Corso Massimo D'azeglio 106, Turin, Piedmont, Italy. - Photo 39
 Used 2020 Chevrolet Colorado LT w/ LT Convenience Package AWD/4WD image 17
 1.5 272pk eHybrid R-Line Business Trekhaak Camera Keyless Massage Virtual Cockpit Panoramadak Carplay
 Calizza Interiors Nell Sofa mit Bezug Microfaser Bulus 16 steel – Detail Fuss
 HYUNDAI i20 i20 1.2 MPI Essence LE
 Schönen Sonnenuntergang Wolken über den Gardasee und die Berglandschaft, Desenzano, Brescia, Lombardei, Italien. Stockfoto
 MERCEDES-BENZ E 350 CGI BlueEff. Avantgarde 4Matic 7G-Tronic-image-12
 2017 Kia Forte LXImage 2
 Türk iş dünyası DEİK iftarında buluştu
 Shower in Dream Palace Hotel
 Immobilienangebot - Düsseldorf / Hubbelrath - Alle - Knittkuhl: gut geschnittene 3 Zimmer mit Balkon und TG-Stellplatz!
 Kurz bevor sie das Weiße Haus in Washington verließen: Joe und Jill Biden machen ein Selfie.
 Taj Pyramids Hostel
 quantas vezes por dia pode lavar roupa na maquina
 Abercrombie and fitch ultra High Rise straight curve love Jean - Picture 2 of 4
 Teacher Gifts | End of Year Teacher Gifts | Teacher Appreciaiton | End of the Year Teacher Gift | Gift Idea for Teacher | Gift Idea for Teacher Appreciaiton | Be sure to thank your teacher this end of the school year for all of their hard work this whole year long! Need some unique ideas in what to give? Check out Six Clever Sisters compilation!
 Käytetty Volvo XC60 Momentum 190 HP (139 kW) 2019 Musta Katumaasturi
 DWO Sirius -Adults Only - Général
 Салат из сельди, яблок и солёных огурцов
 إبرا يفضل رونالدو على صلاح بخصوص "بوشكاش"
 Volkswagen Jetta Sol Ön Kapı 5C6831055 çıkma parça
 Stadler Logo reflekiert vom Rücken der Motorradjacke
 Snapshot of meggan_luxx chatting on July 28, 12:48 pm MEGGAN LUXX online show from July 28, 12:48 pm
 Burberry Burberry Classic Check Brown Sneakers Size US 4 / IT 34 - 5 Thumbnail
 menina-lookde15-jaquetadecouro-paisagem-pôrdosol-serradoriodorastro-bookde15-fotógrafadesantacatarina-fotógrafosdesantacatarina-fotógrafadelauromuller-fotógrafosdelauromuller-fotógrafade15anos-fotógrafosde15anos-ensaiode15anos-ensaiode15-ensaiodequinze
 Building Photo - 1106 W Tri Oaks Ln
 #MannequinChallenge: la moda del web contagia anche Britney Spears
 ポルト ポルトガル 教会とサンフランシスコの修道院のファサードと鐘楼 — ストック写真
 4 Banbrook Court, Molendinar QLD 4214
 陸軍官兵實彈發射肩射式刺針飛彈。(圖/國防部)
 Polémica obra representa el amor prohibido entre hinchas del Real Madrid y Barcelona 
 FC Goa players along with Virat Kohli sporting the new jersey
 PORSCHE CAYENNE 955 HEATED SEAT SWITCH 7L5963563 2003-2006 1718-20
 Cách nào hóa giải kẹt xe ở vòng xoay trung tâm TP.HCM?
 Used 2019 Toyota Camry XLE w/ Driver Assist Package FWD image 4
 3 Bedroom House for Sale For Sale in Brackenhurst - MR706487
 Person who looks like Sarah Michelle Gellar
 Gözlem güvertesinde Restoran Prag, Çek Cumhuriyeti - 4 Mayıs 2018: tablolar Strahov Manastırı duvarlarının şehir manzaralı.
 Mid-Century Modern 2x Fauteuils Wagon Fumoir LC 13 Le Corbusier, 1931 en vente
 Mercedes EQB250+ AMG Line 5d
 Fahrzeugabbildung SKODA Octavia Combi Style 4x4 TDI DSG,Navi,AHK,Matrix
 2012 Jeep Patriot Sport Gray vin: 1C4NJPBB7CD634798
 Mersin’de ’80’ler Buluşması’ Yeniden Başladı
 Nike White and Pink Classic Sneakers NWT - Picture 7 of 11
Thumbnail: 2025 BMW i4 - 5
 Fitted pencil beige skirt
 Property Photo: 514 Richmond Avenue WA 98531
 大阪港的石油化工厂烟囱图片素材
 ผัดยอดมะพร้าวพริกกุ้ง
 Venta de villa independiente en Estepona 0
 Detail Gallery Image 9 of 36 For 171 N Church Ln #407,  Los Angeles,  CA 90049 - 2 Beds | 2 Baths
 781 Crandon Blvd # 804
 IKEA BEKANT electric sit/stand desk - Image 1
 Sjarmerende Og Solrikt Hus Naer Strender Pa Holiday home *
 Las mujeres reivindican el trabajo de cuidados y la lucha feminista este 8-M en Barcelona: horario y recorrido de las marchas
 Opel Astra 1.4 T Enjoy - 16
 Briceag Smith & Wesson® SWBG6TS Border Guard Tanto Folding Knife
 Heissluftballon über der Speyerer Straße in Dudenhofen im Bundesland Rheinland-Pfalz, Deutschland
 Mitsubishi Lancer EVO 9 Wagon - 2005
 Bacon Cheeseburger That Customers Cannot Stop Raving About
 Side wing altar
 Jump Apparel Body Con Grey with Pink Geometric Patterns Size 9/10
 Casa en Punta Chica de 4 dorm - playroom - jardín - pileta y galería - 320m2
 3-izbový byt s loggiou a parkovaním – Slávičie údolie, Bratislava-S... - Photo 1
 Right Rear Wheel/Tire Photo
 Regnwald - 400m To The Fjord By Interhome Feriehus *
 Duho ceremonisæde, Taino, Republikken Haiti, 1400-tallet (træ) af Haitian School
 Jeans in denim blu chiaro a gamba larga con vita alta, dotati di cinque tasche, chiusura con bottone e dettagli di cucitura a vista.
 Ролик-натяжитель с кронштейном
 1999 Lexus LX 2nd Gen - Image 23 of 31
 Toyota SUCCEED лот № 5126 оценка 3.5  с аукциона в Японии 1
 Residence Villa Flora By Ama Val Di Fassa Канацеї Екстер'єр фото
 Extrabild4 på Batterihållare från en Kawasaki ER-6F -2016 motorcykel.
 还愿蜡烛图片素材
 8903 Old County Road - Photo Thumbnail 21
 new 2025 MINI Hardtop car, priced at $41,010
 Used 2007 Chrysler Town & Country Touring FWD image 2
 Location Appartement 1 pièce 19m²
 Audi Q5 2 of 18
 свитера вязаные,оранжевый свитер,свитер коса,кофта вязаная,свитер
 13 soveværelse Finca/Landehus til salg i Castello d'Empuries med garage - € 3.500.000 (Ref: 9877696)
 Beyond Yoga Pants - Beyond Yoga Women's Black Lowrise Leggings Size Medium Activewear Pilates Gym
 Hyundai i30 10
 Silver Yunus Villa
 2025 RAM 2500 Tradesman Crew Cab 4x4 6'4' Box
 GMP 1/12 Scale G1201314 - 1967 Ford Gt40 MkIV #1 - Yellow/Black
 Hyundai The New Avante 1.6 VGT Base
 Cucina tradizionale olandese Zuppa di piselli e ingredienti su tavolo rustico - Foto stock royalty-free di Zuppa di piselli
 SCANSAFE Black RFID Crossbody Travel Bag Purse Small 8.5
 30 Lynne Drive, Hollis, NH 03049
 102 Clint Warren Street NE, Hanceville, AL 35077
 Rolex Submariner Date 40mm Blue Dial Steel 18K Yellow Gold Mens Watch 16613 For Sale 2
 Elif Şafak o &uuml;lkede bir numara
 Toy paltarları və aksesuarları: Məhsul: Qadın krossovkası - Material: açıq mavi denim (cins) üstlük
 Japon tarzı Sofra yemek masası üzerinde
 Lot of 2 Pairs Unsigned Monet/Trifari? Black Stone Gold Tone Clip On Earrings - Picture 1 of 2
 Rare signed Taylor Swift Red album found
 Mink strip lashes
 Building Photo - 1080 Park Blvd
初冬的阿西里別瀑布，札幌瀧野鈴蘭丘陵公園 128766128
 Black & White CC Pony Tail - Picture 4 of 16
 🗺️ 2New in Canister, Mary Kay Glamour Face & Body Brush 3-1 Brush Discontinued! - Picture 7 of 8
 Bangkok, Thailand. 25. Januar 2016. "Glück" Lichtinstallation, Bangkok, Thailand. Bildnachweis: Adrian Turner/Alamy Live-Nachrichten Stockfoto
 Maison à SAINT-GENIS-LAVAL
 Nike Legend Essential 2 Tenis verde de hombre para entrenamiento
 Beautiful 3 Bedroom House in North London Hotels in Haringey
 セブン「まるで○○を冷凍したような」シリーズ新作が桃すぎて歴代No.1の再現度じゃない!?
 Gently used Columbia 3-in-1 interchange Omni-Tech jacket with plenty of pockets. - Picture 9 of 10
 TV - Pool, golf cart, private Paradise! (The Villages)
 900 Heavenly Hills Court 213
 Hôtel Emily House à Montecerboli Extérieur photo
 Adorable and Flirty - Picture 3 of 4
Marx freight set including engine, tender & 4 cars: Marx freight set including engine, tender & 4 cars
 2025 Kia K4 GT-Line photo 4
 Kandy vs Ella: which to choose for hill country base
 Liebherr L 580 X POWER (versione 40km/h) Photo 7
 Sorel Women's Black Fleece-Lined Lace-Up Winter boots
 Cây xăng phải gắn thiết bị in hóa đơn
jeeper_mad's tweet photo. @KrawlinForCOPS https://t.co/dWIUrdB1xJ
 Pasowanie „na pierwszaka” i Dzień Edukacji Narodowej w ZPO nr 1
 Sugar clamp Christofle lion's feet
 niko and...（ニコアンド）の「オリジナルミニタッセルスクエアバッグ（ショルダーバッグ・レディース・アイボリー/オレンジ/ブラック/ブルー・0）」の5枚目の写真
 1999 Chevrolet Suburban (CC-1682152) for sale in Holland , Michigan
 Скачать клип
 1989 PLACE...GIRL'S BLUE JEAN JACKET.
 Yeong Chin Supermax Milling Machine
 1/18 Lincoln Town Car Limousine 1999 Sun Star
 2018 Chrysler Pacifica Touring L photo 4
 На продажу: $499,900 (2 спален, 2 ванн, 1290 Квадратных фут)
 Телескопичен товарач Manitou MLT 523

What is needed - In the material above, locate the line containing "Салат из сельди, яблок и солёных огурцов" and the line containing "Stadler Logo reflekiert". Transcribe exactly those two lines and every line between them, and nothing more.

Answer to the problem -
 Салат из сельди, яблок и солёных огурцов
 إبرا يفضل رونالدو على صلاح بخصوص "بوشكاش"
 Volkswagen Jetta Sol Ön Kapı 5C6831055 çıkma parça
 Stadler Logo reflekiert vom Rücken der Motorradjacke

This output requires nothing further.